Records for processing -
▬▬▬▬▬▬▬▬▬▬

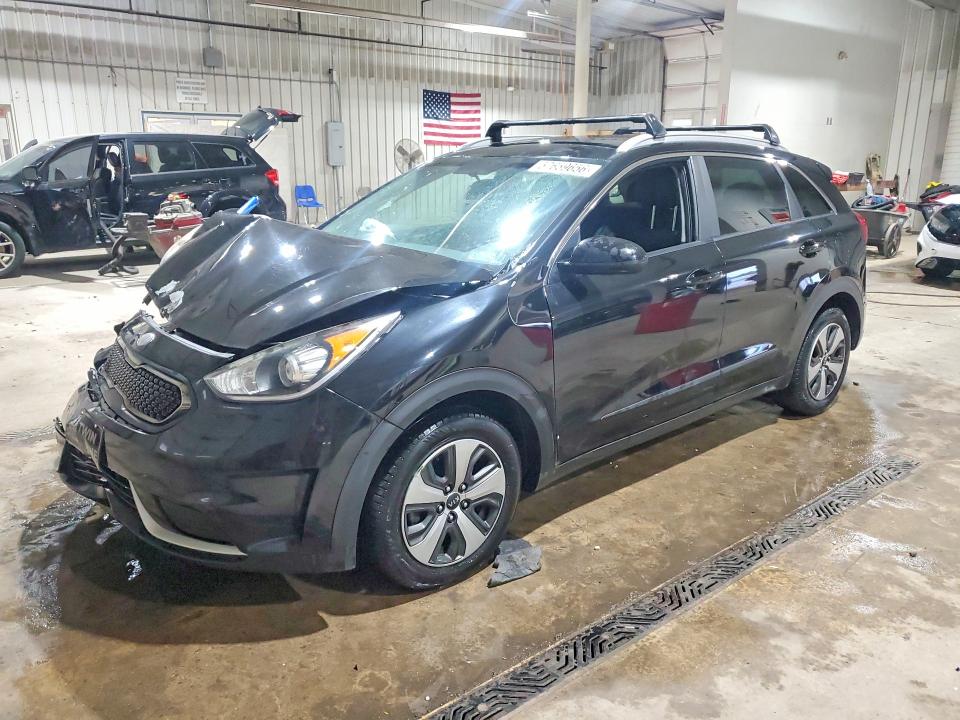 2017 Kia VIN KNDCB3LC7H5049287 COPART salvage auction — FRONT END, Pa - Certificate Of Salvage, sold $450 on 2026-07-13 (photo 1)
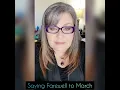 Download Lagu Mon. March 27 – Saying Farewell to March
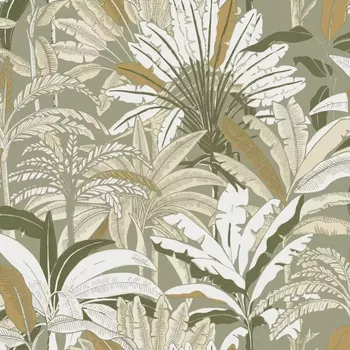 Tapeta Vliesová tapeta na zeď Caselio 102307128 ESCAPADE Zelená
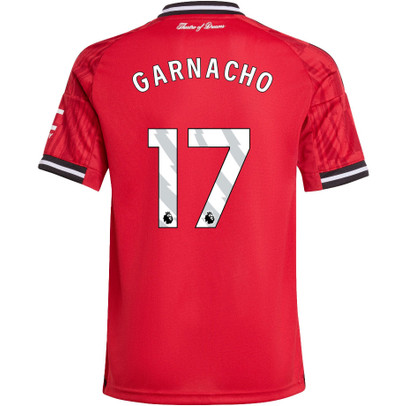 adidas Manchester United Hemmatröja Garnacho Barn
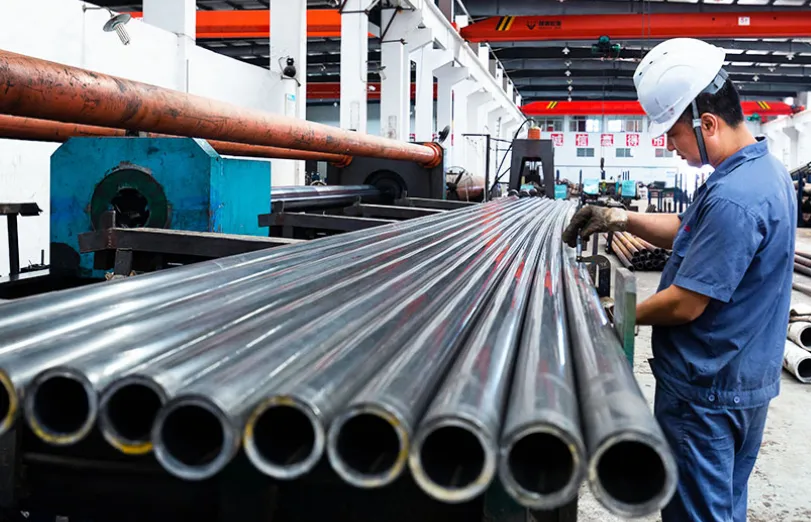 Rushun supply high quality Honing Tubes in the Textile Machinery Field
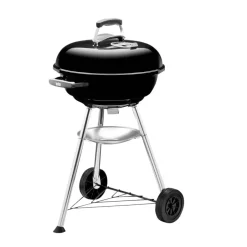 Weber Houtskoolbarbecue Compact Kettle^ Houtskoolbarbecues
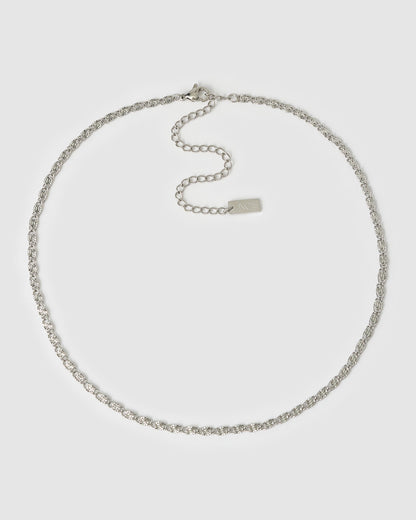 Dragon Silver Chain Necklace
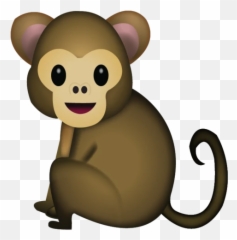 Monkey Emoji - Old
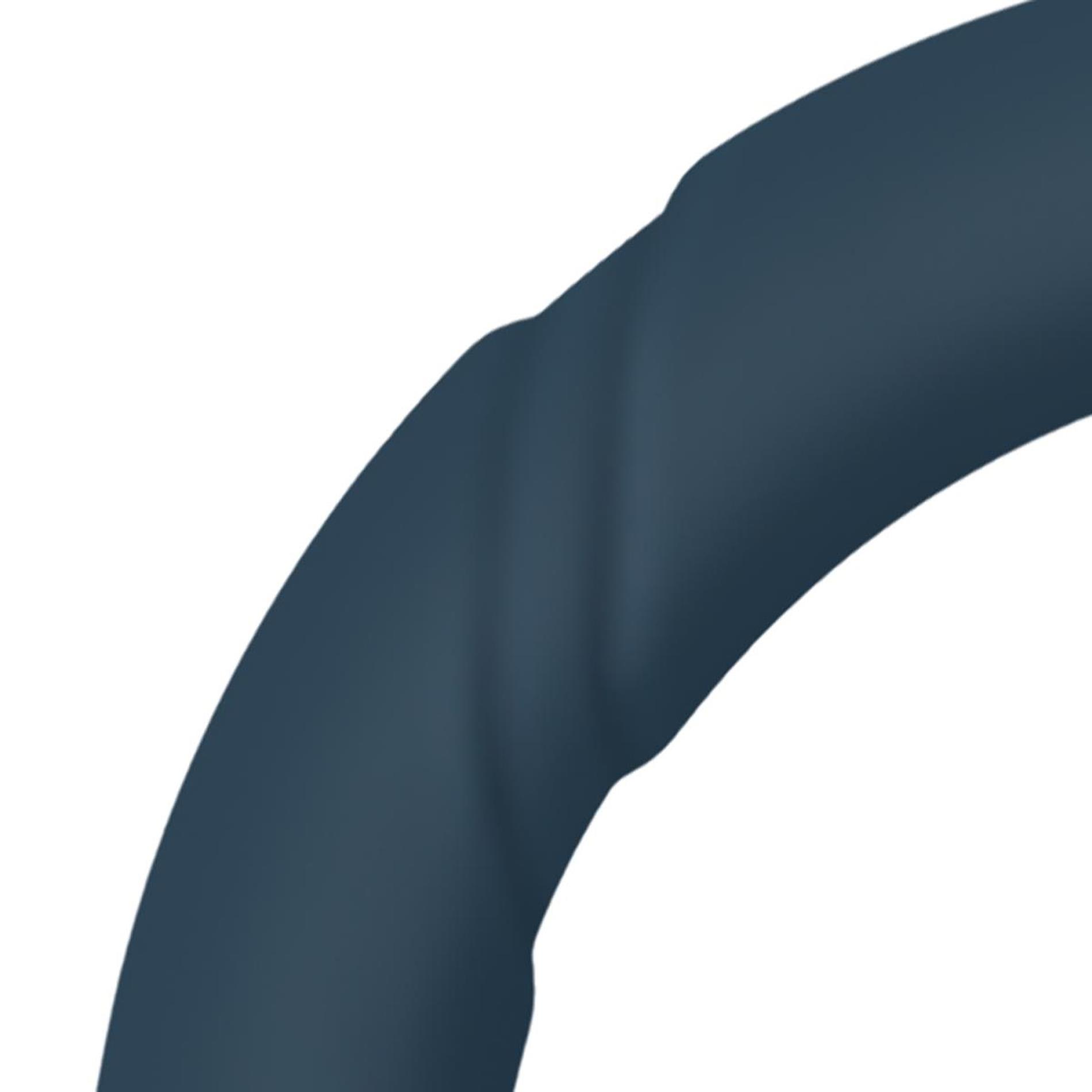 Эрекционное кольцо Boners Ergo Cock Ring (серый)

▬▬▬▬▬▬▬▬▬▬

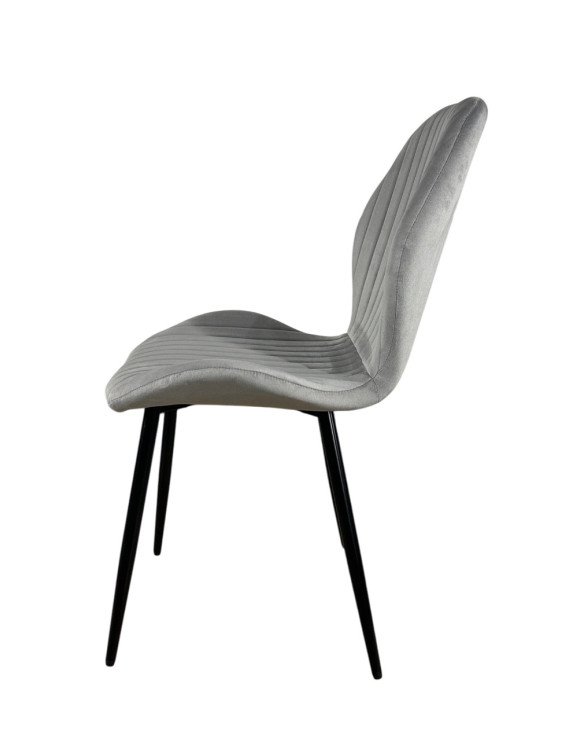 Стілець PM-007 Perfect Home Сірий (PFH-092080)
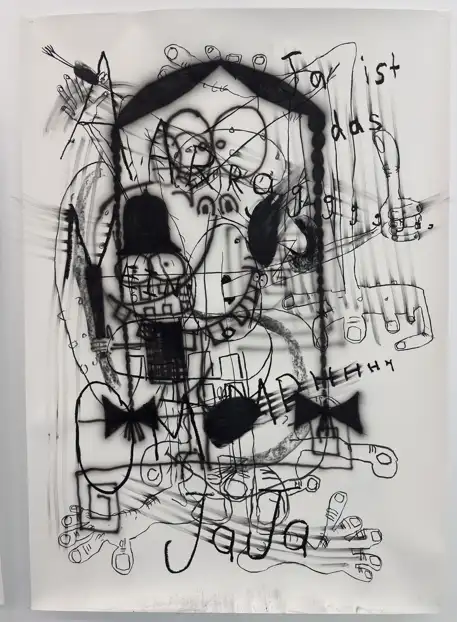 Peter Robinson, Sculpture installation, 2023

▬▬▬▬▬▬▬▬▬▬

Exercise prompt - Only one stretch of the entries above is needed: the lines from the one containing "Tapeta Vliesová tapeta" through the one containing "Эрекционное кольцо Boners". Copy it exactly, without the pictures.

Answer section -
 Tapeta Vliesová tapeta na zeď Caselio 102307128 ESCAPADE Zelená
 adidas Manchester United Hemmatröja Garnacho Barn
 Rushun supply high quality Honing Tubes in the Textile Machinery Field
 Weber Houtskoolbarbecue Compact Kettle^ Houtskoolbarbecues
 Dragon Silver Chain Necklace
 Monkey Emoji - Old
 Эрекционное кольцо Boners Ergo Cock Ring (серый)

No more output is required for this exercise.